··· Given records ···
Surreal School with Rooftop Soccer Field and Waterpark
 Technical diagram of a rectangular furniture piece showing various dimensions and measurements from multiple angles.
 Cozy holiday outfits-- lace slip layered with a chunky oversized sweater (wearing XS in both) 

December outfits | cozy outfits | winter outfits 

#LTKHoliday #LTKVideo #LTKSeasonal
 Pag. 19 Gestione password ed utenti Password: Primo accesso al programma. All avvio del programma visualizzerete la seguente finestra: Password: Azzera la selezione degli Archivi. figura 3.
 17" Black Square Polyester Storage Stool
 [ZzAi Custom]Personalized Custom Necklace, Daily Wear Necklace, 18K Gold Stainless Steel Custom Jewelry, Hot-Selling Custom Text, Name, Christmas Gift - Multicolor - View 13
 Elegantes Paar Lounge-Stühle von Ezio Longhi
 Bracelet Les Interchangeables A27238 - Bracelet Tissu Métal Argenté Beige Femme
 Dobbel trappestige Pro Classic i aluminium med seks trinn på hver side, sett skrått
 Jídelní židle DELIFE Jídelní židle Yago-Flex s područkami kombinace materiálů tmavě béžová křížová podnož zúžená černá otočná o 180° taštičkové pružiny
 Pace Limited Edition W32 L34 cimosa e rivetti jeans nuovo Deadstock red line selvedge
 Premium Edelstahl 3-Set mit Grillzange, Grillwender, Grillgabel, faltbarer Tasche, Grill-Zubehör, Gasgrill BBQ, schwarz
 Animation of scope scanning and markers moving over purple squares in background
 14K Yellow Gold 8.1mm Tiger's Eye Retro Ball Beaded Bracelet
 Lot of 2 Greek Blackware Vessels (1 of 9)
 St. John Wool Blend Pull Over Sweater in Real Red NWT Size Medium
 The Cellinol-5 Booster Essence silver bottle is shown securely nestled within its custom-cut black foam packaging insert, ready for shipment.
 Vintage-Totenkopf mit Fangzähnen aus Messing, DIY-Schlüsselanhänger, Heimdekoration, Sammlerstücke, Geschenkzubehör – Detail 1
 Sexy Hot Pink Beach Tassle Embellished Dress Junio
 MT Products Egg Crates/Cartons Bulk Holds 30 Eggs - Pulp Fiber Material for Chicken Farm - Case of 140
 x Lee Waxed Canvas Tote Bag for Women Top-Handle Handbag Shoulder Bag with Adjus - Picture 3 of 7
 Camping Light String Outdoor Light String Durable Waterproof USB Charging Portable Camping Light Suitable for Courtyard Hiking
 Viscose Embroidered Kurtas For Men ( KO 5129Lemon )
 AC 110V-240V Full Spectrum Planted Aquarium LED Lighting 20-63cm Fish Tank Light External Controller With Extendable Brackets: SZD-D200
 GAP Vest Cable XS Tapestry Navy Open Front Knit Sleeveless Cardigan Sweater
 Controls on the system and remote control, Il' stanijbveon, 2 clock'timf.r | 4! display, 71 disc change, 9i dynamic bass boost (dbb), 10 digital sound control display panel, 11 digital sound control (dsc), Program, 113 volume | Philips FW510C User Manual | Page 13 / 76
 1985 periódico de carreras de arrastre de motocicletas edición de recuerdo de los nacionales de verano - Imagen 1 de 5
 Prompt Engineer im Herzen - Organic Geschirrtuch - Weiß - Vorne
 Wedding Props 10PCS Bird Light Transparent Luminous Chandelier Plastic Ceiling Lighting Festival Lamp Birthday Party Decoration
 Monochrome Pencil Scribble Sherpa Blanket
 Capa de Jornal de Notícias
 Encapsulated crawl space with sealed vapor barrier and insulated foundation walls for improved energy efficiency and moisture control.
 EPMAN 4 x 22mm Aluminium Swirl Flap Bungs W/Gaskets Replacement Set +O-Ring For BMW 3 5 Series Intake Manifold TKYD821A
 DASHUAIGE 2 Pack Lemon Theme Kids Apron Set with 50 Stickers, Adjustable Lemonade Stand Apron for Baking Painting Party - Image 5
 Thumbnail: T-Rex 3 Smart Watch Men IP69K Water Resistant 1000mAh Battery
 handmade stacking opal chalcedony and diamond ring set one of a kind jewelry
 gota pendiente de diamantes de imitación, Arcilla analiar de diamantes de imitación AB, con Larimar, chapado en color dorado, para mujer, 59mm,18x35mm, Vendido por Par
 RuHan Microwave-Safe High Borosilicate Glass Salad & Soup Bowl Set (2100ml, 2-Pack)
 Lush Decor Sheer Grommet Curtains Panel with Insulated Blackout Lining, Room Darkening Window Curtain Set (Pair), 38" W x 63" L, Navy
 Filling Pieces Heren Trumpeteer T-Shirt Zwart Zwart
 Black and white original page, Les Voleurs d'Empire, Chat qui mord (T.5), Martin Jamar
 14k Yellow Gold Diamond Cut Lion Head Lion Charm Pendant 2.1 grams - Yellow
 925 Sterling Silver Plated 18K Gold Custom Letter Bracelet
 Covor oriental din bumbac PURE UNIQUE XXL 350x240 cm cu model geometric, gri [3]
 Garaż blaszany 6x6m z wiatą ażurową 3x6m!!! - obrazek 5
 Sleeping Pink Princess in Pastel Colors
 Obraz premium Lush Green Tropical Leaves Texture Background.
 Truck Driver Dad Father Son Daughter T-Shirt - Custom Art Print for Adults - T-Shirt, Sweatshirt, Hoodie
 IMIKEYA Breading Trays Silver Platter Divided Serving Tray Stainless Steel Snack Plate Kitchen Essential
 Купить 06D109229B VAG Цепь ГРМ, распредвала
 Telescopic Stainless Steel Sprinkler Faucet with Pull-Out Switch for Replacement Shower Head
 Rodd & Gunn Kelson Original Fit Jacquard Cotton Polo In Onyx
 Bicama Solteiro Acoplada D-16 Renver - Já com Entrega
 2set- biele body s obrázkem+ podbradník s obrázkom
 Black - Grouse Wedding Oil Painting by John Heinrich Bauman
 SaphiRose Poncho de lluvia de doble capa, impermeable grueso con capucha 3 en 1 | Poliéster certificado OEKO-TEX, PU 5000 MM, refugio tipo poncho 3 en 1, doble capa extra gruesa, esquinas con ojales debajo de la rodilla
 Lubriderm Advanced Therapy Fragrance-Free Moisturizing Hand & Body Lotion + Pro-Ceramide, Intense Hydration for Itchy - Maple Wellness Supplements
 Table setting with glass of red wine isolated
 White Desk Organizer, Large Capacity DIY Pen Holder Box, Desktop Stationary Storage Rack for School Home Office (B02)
···
Description of the task ->
Work out how many lines above contain the word "Navy". Give only the number.

Solution to this exercise ->
2